▸ Work instructions
Locate the line that contains "Summer Vibes Black". Print it and each following line through the end of the listing, verbatim, and nothing more.

▸ Records to process
Content starts

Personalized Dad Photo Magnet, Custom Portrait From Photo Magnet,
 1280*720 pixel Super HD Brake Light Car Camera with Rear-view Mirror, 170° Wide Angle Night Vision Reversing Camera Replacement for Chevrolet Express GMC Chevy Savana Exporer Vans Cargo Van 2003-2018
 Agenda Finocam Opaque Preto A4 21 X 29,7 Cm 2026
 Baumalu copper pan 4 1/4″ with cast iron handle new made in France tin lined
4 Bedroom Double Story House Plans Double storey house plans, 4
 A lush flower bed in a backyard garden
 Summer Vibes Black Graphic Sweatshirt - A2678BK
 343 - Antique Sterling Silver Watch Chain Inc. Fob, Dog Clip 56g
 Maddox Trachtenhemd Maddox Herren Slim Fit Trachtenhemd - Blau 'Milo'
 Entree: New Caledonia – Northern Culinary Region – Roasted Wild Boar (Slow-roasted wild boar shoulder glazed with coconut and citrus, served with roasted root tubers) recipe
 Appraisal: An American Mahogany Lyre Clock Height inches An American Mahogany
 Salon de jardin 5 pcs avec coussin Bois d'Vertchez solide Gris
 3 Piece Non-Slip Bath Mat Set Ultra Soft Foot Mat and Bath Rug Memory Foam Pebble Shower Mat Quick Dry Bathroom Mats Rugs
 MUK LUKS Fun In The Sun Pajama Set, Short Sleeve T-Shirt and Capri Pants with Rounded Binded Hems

Content ends

▸ Problem solution
 Summer Vibes Black Graphic Sweatshirt - A2678BK
 343 - Antique Sterling Silver Watch Chain Inc. Fob, Dog Clip 56g
 Maddox Trachtenhemd Maddox Herren Slim Fit Trachtenhemd - Blau 'Milo'
 Entree: New Caledonia – Northern Culinary Region – Roasted Wild Boar (Slow-roasted wild boar shoulder glazed with coconut and citrus, served with roasted root tubers) recipe
 Appraisal: An American Mahogany Lyre Clock Height inches An American Mahogany
 Salon de jardin 5 pcs avec coussin Bois d'Vertchez solide Gris
 3 Piece Non-Slip Bath Mat Set Ultra Soft Foot Mat and Bath Rug Memory Foam Pebble Shower Mat Quick Dry Bathroom Mats Rugs
 MUK LUKS Fun In The Sun Pajama Set, Short Sleeve T-Shirt and Capri Pants with Rounded Binded Hems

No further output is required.